Та же посвежевшая горечь разливалась вокруг, когда Семен приказал часовому вывести Михаила из конюшни, где держали пленных, к разбитой изгороди... Жорик сидит на козлах в двадцати шагах и делает вид, что не прислушивается к разговору; по дворам воют собаки. "Ты мог бы убежать, говорит Семен. - Ты хочешь убежать?" Михаил тычет пальцем в конюшню, где шепчутся перед смертью поляки: "Тогда сядешь здесь сам..." - "Ты мог бы убежать, - спешит Семен, - но ты должен сказать мне, что никогда не вернешься домой - никогда! - просто сказать, иначе я не..." Михаил улыбается, почти смеется - его грудь колышется, и на ней позвякивают глухо два Георгия. Псы скулят вперекличку. "Куда же деваться-то? К этим, - Михаил снова тычет в конюшню, - опять с ляхами?.. Значит, просто сказать, даже не обещать?" - "Ты должен мне..." - "Ладно, будет. Как дома?" Семен смотрит вниз и видит босые ноги Михаила, видит разбитые, привычные к ходьбе ступни и чувствует отчаянье: "Ольгу ты зря родил - померла. У Лизы ум раскис пошла блаженной бродяжить. Остальные живут пока". Еще нет ответа, но он уже все знает, и ответ будет лишь запоздалым эхом отчаянья. Жорик с другого конца изгороди ловит широким ухом разлитую в мире тоску. "Возьми... Михаил снимает с пальца и сует Семену обручальное кольцо. - Твои хлопцы все равно сдерут, так лучше с живого..." И все.
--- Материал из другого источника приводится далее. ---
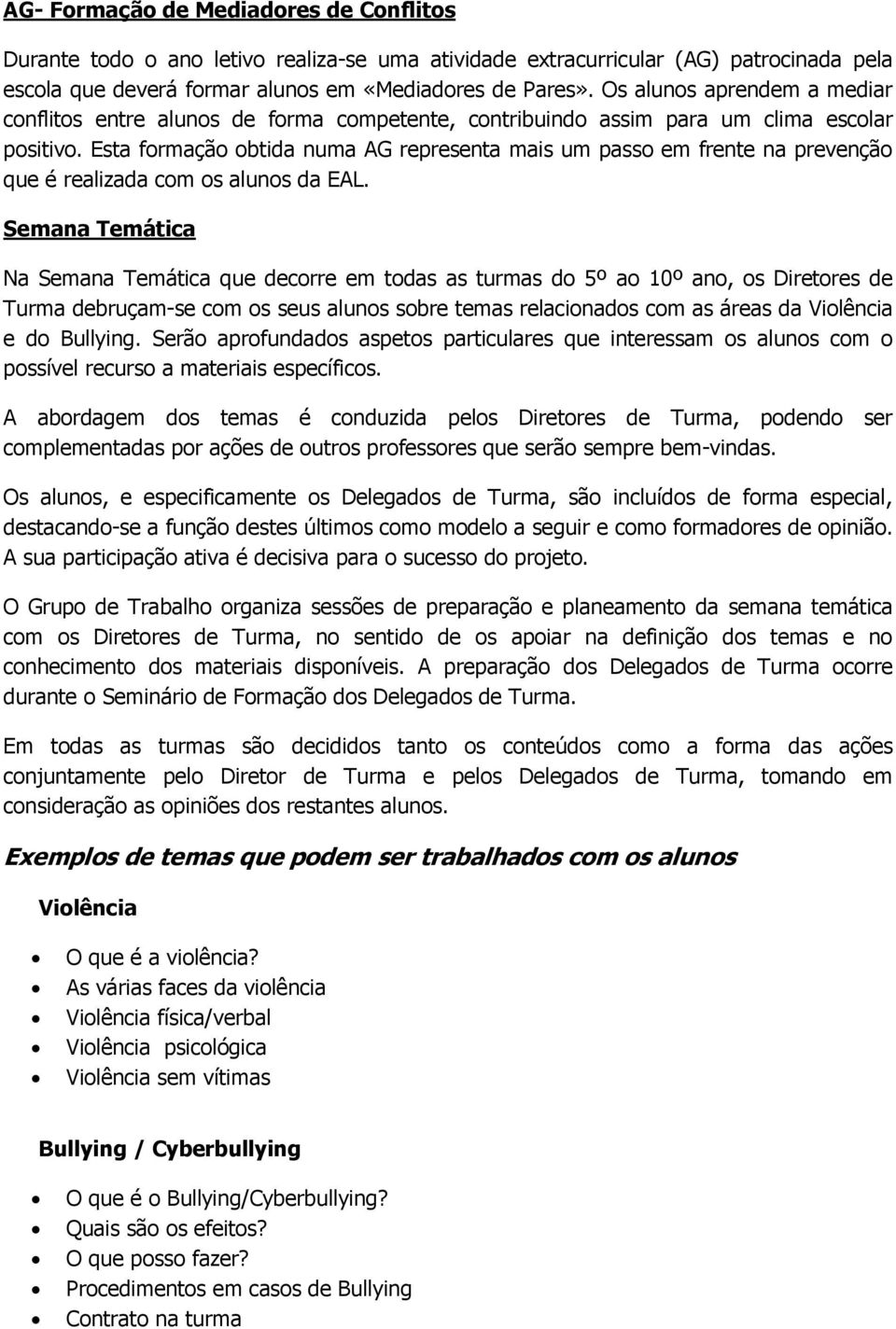 Esta formação obtida numa AG representa mais um passo em frente na prevenção que é realizada com os alunos da EAL.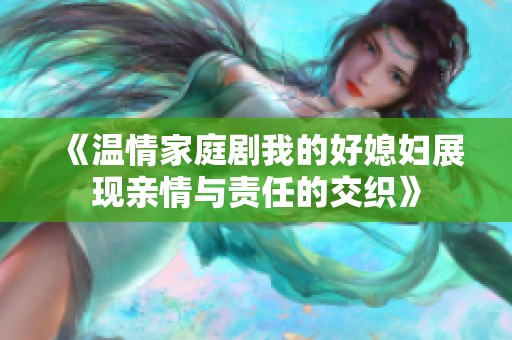 《温情家庭剧我的好媳妇展现亲情与责任的交织》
Босые разбитые ступни идут к конюшне, - так шагает землепашец по твердой меже, - все.
По деревням, через которые ехал Семен, ночами страшно выли собаки. Вначале он не понимал себя: нужно ли ехать? и если нужно, то зачем? - но после приходило незыблемое: нужно - это последнее, что можно сделать. Он сидел у костра и в первородном хаосе огня видел смерть сухого валежника и одновременно пробуждение новой, короткой, но яростной жизни. По всей России выли собаки.